収穫の秋を迎え、サツマイモを主役にしたイベントが各地で目白押しだ。「おいも万博」は今秋、大阪、神奈川で開催され、静岡、島根、愛知、愛媛、岡山などで計画されている。静岡市では今年2回目となるイベントを11月8~10日に開く。静岡県内での「おいも万博」は今年3月にも開催されたが、来場者らから好評を得たため秋の開催にも踏み切った。同実行委員会は「甘さたっぷりの焼き芋から進化系のスイーツまでサツマイモの魅力を存分に引き出した商品をそろえた」と意気込む。

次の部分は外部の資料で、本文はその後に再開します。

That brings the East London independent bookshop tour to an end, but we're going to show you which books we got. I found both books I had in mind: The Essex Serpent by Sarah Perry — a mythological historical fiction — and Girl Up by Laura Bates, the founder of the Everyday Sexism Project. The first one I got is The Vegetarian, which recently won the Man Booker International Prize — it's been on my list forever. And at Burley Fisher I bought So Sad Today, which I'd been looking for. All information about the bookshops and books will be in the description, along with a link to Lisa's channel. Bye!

神奈川県川崎市でも11月1〜4日に開催された「超芋まつり」では、全国から集まった15店が自慢のサツマイモスイーツを販売したほか、主催者の実行委員会が育ててきたサツマイモの収穫や仕分け作業などのワークショップも催され、楽しみながらサツマイモの魅力を伝える仕掛けをした。主催する「さつまいも博実行委員会」は「サツマイモは流行ではなく、もはや日本のスイーツの素材の定番になりつつある」と指摘する。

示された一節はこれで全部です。